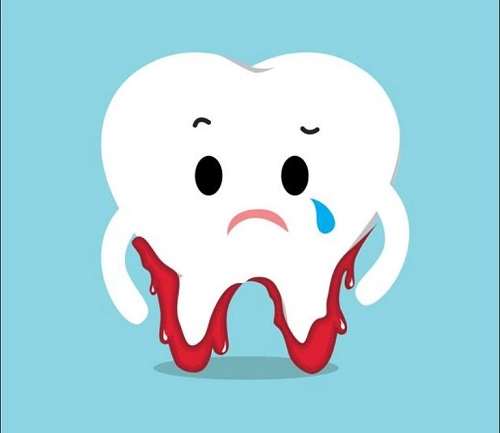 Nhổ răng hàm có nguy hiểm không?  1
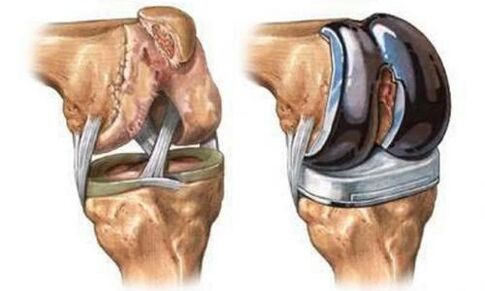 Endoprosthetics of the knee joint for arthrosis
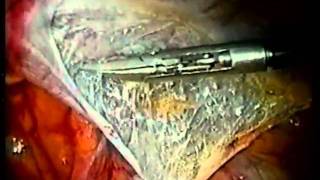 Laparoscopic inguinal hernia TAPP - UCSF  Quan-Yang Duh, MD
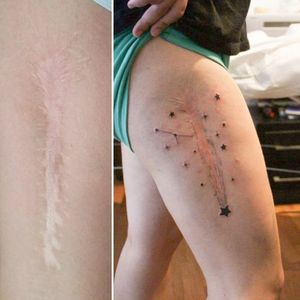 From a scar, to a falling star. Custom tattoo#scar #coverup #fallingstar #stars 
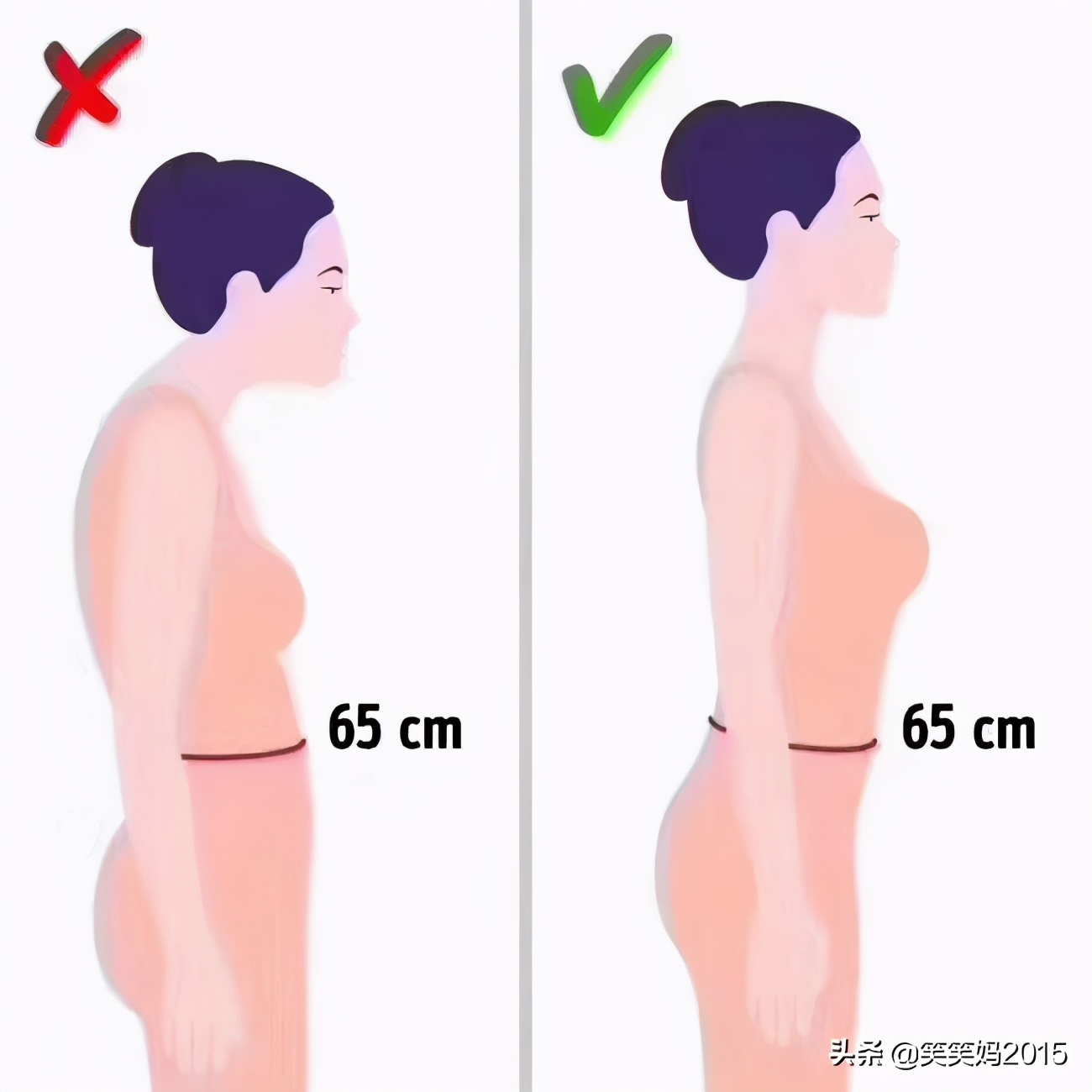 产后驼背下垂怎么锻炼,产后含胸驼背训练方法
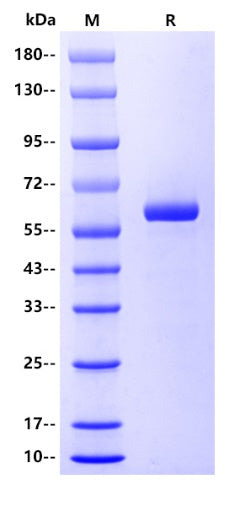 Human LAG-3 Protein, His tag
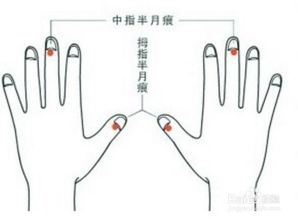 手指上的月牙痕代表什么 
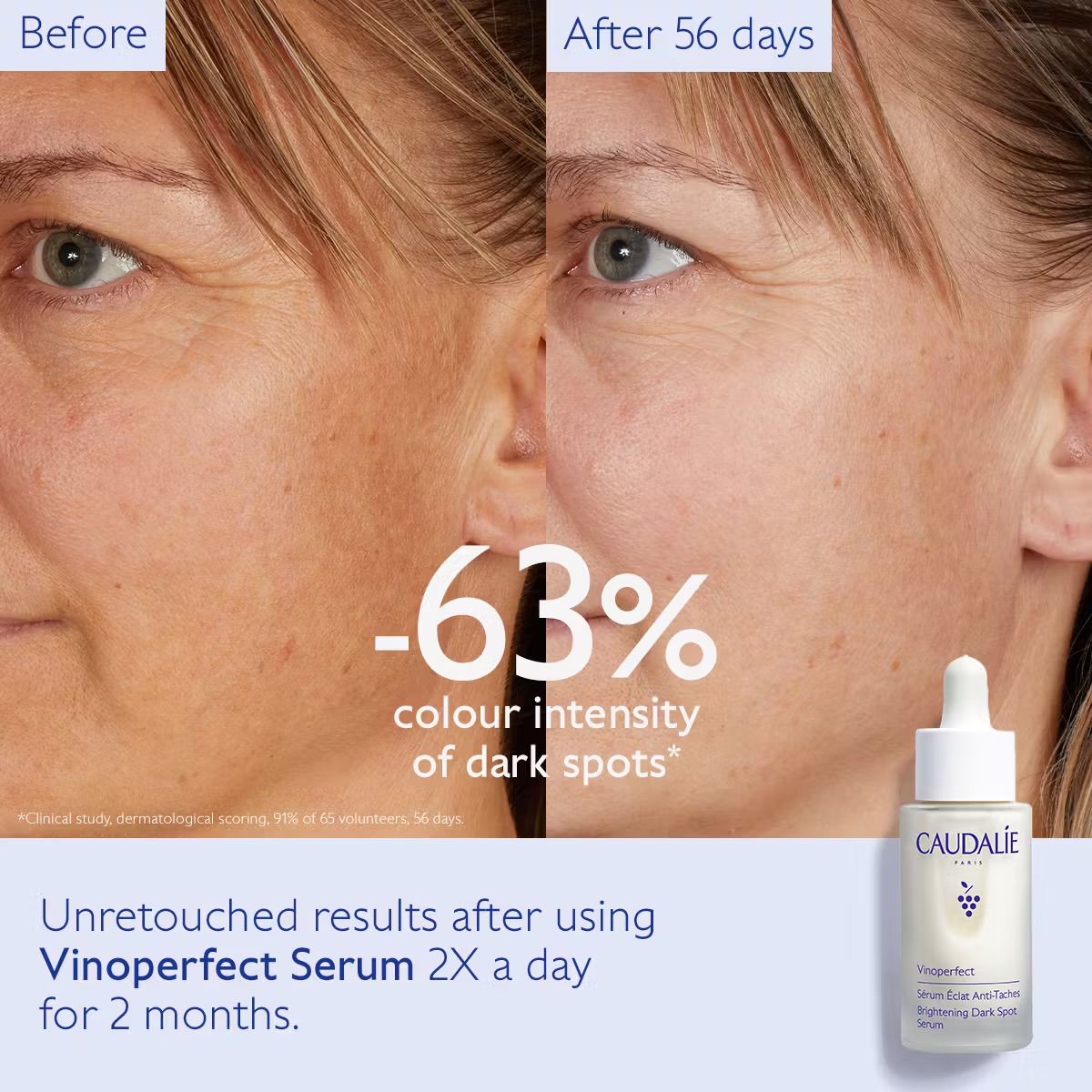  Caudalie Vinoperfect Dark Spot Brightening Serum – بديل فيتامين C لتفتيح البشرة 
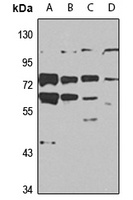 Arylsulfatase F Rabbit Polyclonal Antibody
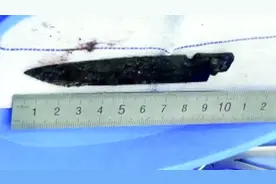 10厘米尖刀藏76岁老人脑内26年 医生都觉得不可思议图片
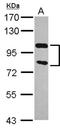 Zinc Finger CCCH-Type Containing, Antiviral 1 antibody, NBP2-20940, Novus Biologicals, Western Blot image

* * *

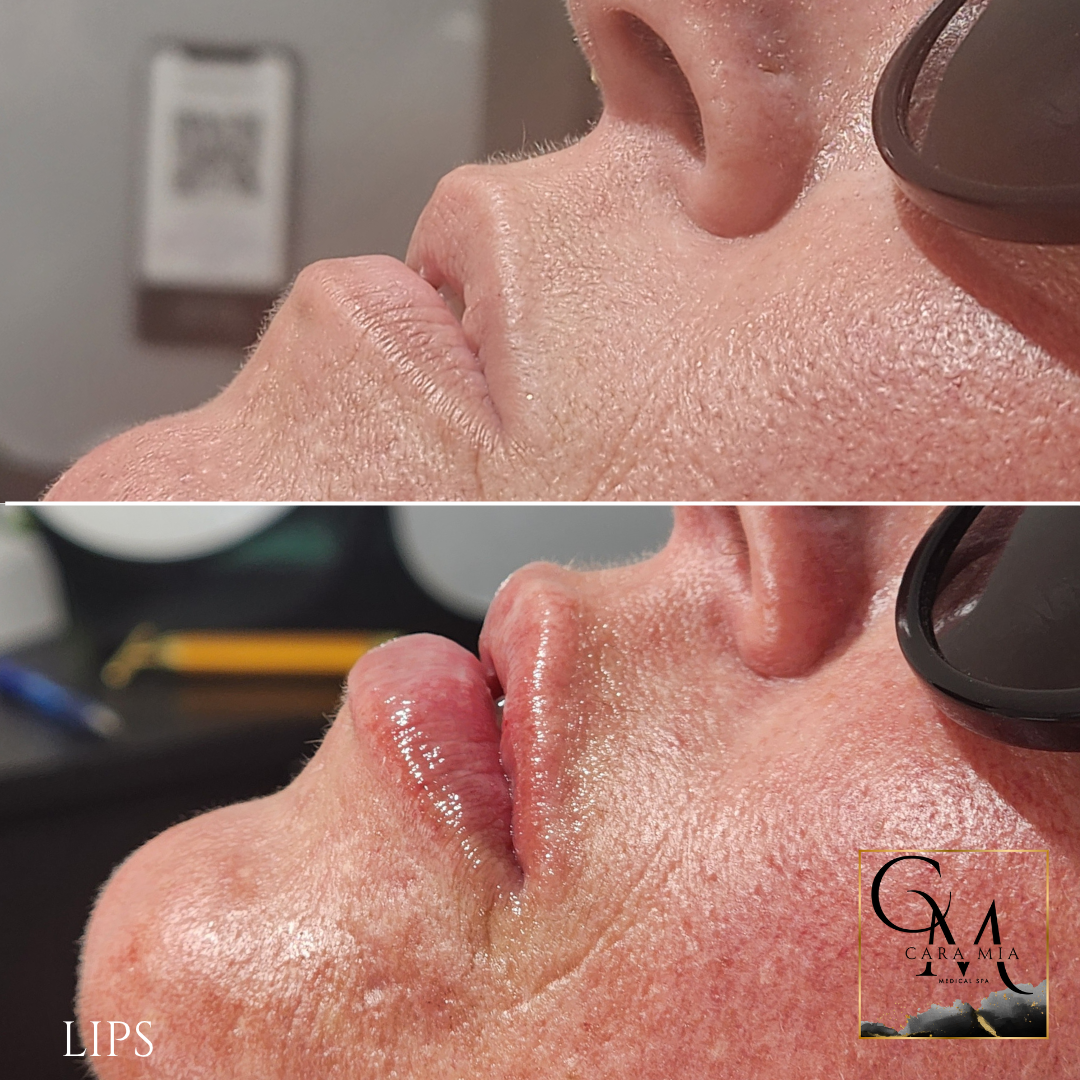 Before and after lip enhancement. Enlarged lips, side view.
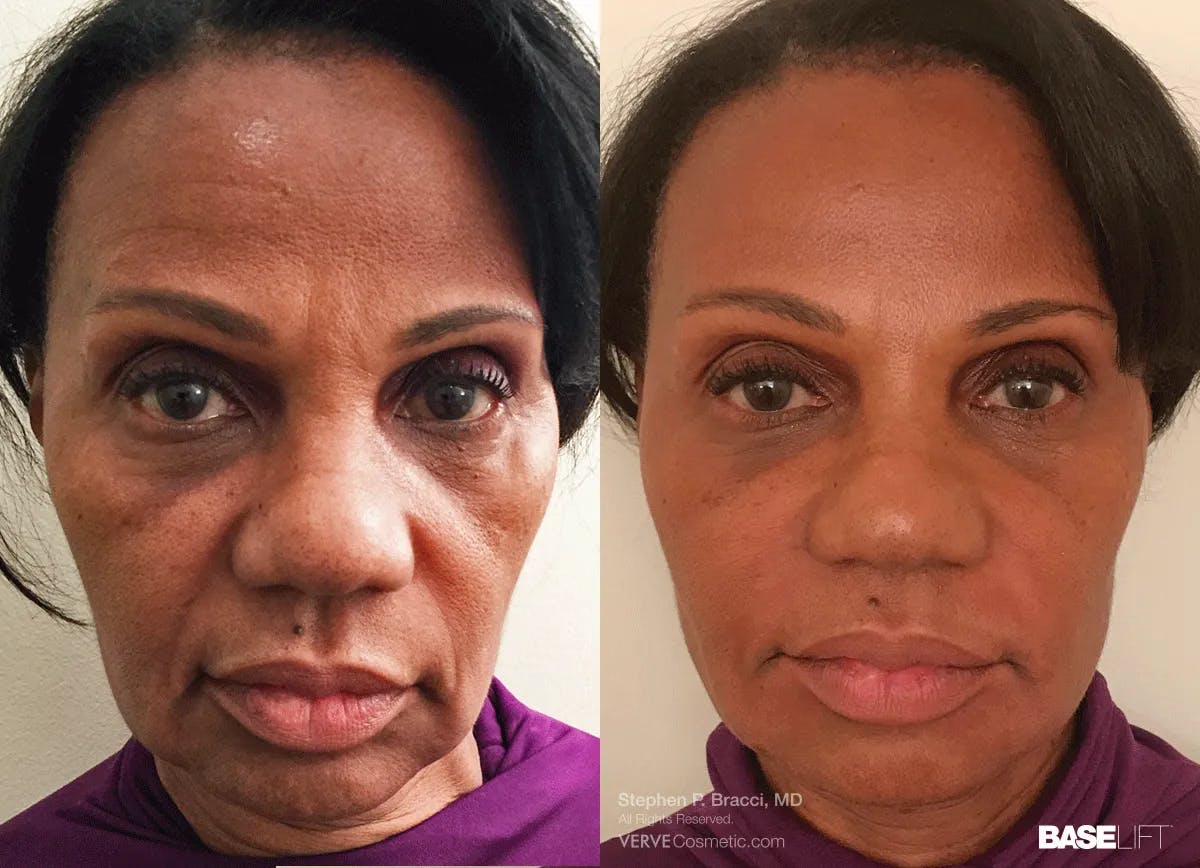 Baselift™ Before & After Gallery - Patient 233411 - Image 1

==

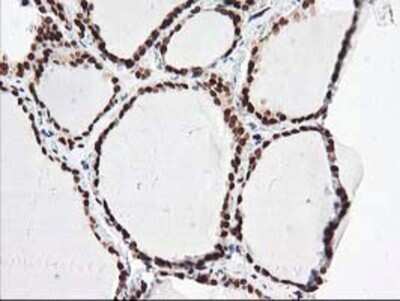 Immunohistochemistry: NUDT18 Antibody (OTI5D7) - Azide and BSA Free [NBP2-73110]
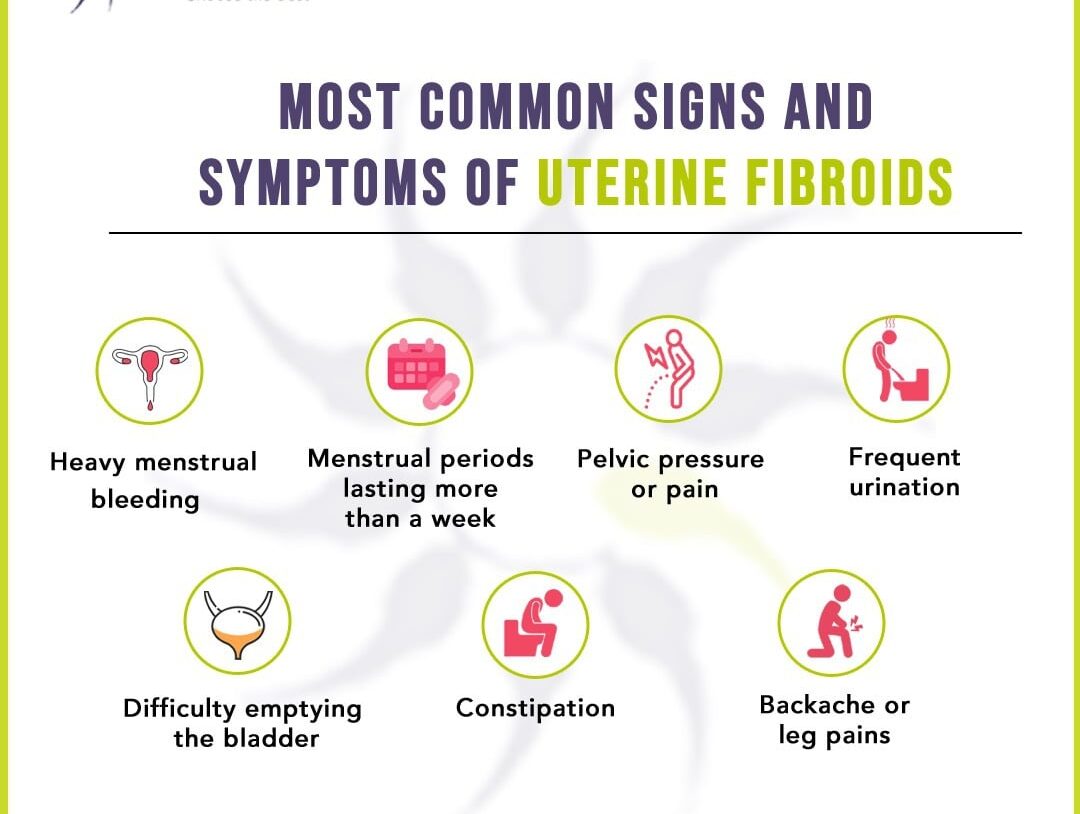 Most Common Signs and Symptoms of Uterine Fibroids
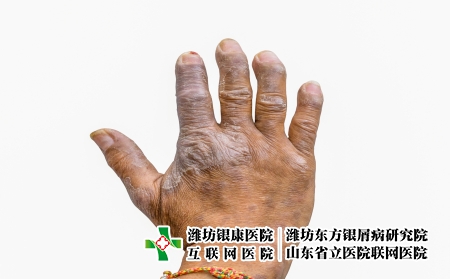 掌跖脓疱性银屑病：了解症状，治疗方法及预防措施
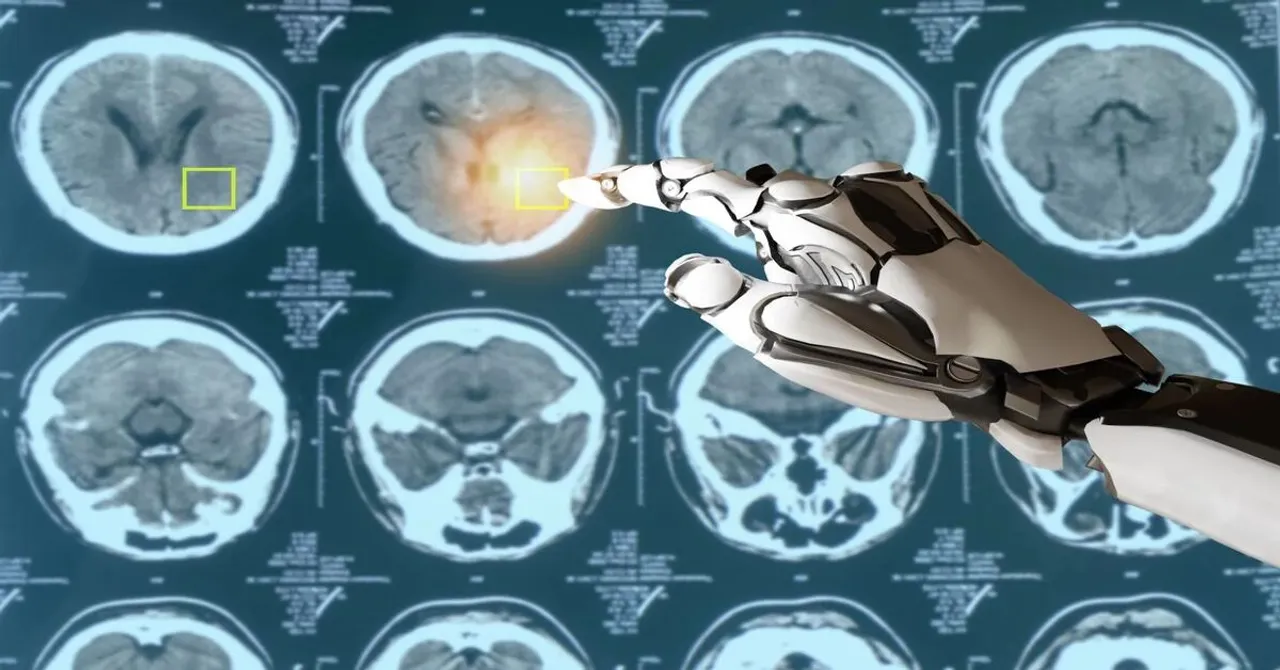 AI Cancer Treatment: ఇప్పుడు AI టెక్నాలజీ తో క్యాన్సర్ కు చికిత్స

**Description of the task:** Print exactly, with no pictures, the lines above from the one that holds "Immunohistochemistry: NUDT18 Antibody" through the one that holds "AI Cancer Treatment: ఇప్పుడు", both of them included.

**Task output:**
 Immunohistochemistry: NUDT18 Antibody (OTI5D7) - Azide and BSA Free [NBP2-73110]
 Most Common Signs and Symptoms of Uterine Fibroids
 掌跖脓疱性银屑病：了解症状，治疗方法及预防措施
 AI Cancer Treatment: ఇప్పుడు AI టెక్నాలజీ తో క్యాన్సర్ కు చికిత్స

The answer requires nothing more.